Segment Open
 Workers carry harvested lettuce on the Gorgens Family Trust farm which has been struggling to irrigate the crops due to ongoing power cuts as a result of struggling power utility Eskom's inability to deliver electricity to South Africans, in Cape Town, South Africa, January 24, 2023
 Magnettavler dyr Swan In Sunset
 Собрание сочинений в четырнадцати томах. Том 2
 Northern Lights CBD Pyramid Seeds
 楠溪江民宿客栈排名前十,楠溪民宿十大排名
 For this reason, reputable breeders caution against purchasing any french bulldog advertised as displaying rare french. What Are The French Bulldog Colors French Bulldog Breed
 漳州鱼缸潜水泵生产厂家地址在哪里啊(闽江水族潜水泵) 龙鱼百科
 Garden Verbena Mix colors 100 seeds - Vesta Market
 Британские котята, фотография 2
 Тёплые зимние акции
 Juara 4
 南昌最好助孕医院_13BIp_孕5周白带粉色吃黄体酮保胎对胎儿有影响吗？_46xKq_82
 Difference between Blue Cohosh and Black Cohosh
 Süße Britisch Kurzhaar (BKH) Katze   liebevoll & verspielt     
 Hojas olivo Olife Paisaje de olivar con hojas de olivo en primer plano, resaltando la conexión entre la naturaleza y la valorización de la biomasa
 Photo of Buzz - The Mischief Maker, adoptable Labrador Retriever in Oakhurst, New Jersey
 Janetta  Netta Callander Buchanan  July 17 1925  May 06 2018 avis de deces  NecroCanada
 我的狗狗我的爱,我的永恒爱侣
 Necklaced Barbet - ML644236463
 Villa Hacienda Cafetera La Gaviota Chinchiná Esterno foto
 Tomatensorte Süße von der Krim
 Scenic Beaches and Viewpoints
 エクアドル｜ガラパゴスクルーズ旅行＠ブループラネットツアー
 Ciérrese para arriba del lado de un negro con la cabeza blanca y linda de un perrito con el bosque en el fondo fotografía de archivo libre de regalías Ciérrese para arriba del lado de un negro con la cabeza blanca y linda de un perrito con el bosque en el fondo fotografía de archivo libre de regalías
Segment Closed
Exercise:
Pick out every line above that holds the word "Süße" and copy it.

Solution to the problem:
 Süße Britisch Kurzhaar (BKH) Katze   liebevoll & verspielt     
 Tomatensorte Süße von der Krim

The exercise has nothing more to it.